== Collected material

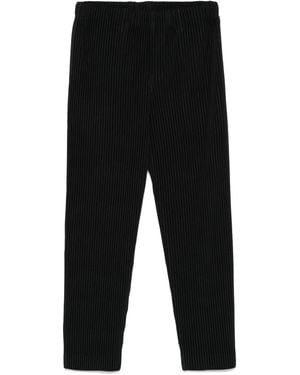 Homme Plissé Issey Miyake Pleated Trousers With Concealed Button Fastening And Elasticated Waistband - Black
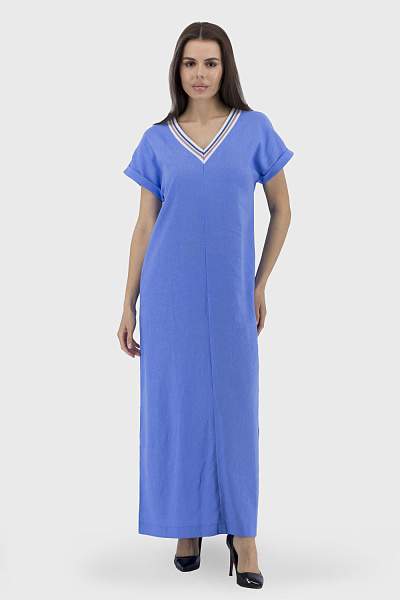Rochie sport de vară cu decolteu în V și buzunare în dungi Tell (albastru, 42)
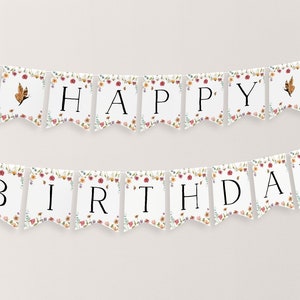 Wildflower Birthday Banner, Flower Happy Birthday Banner Printable, Happy 1st Birthday Banner, Flower First Birthday Decor Wildflower Banner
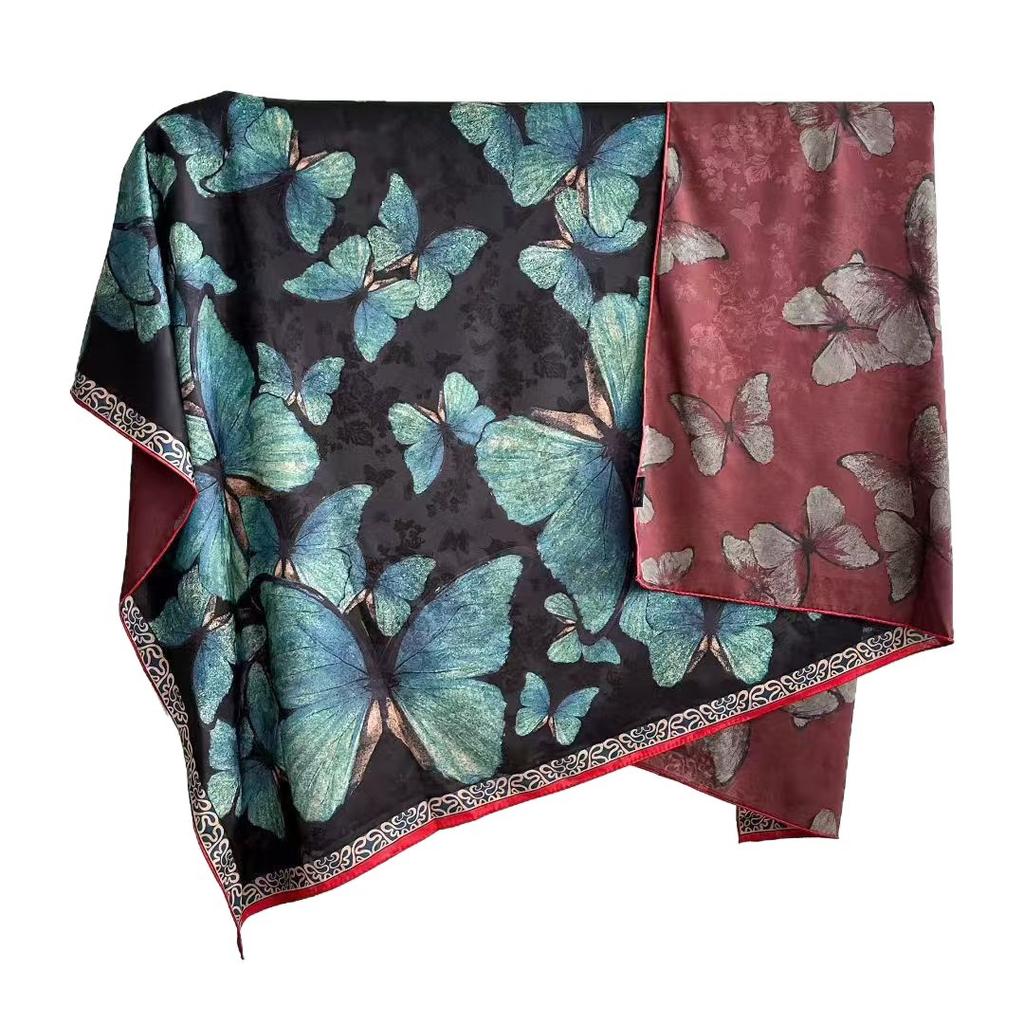 Xiangyun Yarn 140 * 140 Shawl Scarf Double-Sided Printed Pattern Silk Scarf National Style Series Product National Tide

====

* **Task**
Could you return the whole listing exactly, with every picture removed?

* **Result for this exercise**
 Homme Plissé Issey Miyake Pleated Trousers With Concealed Button Fastening And Elasticated Waistband - Black
Rochie sport de vară cu decolteu în V și buzunare în dungi Tell (albastru, 42)
 Wildflower Birthday Banner, Flower Happy Birthday Banner Printable, Happy 1st Birthday Banner, Flower First Birthday Decor Wildflower Banner
 Xiangyun Yarn 140 * 140 Shawl Scarf Double-Sided Printed Pattern Silk Scarf National Style Series Product National Tide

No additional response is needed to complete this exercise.